Déforestation, érosion des sols, destruction des écosystèmes liée à l’usage des pesticides… Le monde agricole, transformé par les techniques de production « intensive » est souvent pointé du doigt pour son impact environnemental majeur. Toutefois, selon un article publié dans Nature, il se pourrait qu’il recèle un potentiel de captation du carbone transformant le secteur en contributeur net à la réduction des émissions de gaz à effet de serre, grâce à de nouvelles pratiques qui accroitraient également les rendements : une double promesse qui pourrait réconcilier intérêts agricoles et lutte contre les changements climatiques.
L’AGRICULTURE, UNE SOURCE MAJEURE DE CARBONE
Aujourd’hui, l’agriculture est responsable d’une part significative des émissions mondiales de gaz à effet de serre. Environ 13,7 milliards de tonnes de CO2 ou de gaz à effet de serre équivalents sont émises chaque année par les processus agricoles, contribuant à presque un quart des émissions globales.
Une grande partie de ces émissions sont dues à des pratiques intensives qui, depuis des siècles, dégradent les sols en libérant le carbone stocké.
Depuis les débuts de l’agriculture il y a 12 000 ans, on estime que ce ne sont pas moins de 133 milliards de tonnes de carbone -soit 8 % du total naturellement stocké dans les sols- qui ont été relâchées.
Cependant, certains experts soulignent que les champs agricoles ont aussi le potentiel de constituer un « puit de carbone » majeur à l’échelle mondiale.
En modifiant les pratiques agricoles pour favoriser la séquestration du carbone dans les sols, il est ainsi possible de renverser cette perte historique à travers des méthodes relativement faciles à mettre en place.
SÉQUESTRATION DU CARBONE : DES SOLUTIONS SIMPLES MAIS EFFICACES
Une des techniques les plus prometteuses pour stocker du carbone dans les sols est la réduction, voire l’élimination, du labour.
Cette pratique millénaire, qui consiste à retourner à retourner la couche superficielle du sol à l’aide d’outils comme la charrue, sert plusieurs objectifs : elle aide à enfouir les résidus de culture, à mélanger les couches de sol, à contrôler les mauvaises herbes, et à préparer le terrain pour de nouvelles plantations.
Très utilisée pour pratiquer la culture intensive, cette technique contribue à l’érosion des sols et la libération du carbone naturellement stocké dans le sol.

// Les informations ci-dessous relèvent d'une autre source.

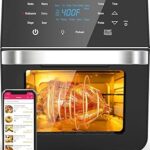 Nuwave Brio Air Fryer Oven, 15.5Qt X-Large Family Size, SS Rotisserie Basket &-Skewer Kit, Powerful 1800W, 50F-425F Temp Controls, Integrated Smart Thermometer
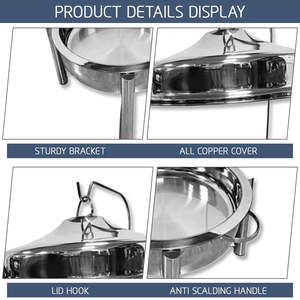 Juego de Recipientes para Calentar Comida de Acero Inoxidable Clásico de Alto Rendimiento, Diseñado para Banquetes y Grandes Reuniones - Product Image 2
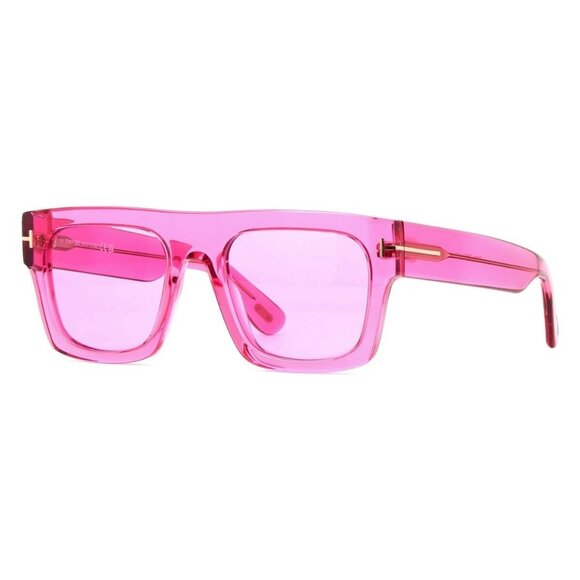 New TOM FORD Fausto Pink Square FT0711/S 75S Glasses Women - Picture 1 of 5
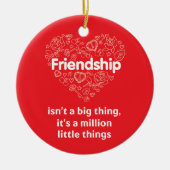 友情のすばらしい引用文の赤い円のオーナメント セラミックオーナメント (正面)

En pratiquant l’agriculture sans labour, on limite cette libération de carbone, tout en favorisant leur régénération.
Toujours selon l’article de Nature, cette méthode pourrait contribuer à la capture de plusieurs gigatonnes de CO2 par an, soit l’équivalent des émissions de l’Union européenne en 2022.
En parallèle, l’utilisation de cultures de couverture, qui consistent à laisser pousser des plantes entre les cultures principales, permet d’améliorer la rétention du carbone tout en protégeant les sols contre l’érosion.
Une étude menée dans des vignobles australiens a ainsi montré que cette technique augmentait de 23 % la quantité de carbone organique dans les sols sur une période de cinq ans.
UN AVENIR OÙ L’AGRICULTURE DEVIENT UN PUITS DE CARBONE ?
Les scientifiques s’accordent à dire que si l’on adopte massivement ces pratiques de séquestration du carbone, l’agriculture pourrait contribuer de manière significative à l’atteinte des objectifs de neutralité carbone.
Le rapport du GIEC estime que le potentiel de capture de carbone par l’agriculture pourrait atteindre 3,5 gigatonnes de CO2 par an.
L’adoption de ces pratiques n’est toutefois pas un combat gagné d’avance. L’agriculture moderne intensive favorise le labour pour pouvoir replanter toujours plus rapidement, sur des terres bien souvent vidées de leurs nutriments mais enrichies artificiellement par des engrais et fertilisants chimiques.
C’est tout un système socio-économique, culturel et technologique qui doit être transformé pour accélérer l’adoption de ces pratiques à grande échelle, transformation qui ne se fera sans doute pas sans une volonté politique forte et des mesures publiques incitatives majeures.